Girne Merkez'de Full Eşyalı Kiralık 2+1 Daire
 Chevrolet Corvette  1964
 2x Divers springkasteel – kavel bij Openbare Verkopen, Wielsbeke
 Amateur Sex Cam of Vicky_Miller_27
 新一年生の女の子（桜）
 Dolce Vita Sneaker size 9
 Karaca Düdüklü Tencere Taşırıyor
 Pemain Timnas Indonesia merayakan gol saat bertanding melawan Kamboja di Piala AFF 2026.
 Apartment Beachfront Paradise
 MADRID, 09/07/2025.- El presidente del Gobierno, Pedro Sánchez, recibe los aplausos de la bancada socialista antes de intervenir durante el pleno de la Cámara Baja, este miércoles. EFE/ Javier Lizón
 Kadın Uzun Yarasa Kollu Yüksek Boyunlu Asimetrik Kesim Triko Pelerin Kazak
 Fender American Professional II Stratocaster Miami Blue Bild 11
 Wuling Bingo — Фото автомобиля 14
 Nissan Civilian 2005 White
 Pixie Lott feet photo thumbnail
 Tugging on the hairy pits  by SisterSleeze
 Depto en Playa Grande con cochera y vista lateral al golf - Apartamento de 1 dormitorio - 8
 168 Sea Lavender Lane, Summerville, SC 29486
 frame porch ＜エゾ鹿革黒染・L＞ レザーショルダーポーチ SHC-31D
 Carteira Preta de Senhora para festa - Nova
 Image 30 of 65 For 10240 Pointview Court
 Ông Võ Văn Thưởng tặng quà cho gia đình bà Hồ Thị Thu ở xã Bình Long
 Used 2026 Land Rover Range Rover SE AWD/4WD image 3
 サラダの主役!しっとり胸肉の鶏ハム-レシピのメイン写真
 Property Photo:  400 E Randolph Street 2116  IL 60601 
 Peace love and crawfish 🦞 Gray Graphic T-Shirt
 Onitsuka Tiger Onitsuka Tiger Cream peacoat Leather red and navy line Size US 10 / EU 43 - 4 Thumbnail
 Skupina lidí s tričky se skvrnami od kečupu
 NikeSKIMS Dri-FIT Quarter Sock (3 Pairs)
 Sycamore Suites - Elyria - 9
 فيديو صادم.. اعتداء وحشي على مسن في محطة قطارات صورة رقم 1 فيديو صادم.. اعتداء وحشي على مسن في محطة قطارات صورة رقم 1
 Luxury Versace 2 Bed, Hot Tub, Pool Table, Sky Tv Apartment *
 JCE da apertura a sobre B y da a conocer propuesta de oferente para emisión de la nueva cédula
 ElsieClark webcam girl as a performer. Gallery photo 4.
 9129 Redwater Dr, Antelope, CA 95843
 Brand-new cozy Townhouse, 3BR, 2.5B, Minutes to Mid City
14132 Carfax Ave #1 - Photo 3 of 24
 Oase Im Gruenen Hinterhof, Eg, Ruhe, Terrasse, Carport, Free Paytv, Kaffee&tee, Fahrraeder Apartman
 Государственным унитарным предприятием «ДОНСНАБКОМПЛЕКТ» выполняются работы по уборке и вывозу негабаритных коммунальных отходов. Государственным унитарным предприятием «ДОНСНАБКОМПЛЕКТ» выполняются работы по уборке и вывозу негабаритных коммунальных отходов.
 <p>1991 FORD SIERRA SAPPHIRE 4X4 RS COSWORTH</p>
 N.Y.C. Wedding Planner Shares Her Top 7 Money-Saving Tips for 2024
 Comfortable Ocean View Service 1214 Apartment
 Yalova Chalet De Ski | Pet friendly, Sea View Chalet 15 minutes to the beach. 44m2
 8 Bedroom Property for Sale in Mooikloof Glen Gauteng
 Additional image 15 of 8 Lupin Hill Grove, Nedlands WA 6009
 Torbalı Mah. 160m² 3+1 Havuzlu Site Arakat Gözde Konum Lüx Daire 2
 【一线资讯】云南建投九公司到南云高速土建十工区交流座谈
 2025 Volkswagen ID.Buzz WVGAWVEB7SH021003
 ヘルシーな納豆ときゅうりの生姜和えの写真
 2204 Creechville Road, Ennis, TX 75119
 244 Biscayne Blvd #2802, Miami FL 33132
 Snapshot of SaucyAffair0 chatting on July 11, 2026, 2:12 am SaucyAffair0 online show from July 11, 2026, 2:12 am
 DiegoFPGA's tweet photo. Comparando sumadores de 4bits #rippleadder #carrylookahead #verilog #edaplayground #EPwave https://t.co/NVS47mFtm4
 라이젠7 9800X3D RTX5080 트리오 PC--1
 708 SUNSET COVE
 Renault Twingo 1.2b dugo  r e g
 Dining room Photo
· · ·
Write out word for word only the lines from the start of the entries down to the line with "Karaca Düdüklü Tencere Taşırıyor", please, including both ends.

Girne Merkez'de Full Eşyalı Kiralık 2+1 Daire
 Chevrolet Corvette  1964
 2x Divers springkasteel – kavel bij Openbare Verkopen, Wielsbeke
 Amateur Sex Cam of Vicky_Miller_27
 新一年生の女の子（桜）
 Dolce Vita Sneaker size 9
 Karaca Düdüklü Tencere Taşırıyor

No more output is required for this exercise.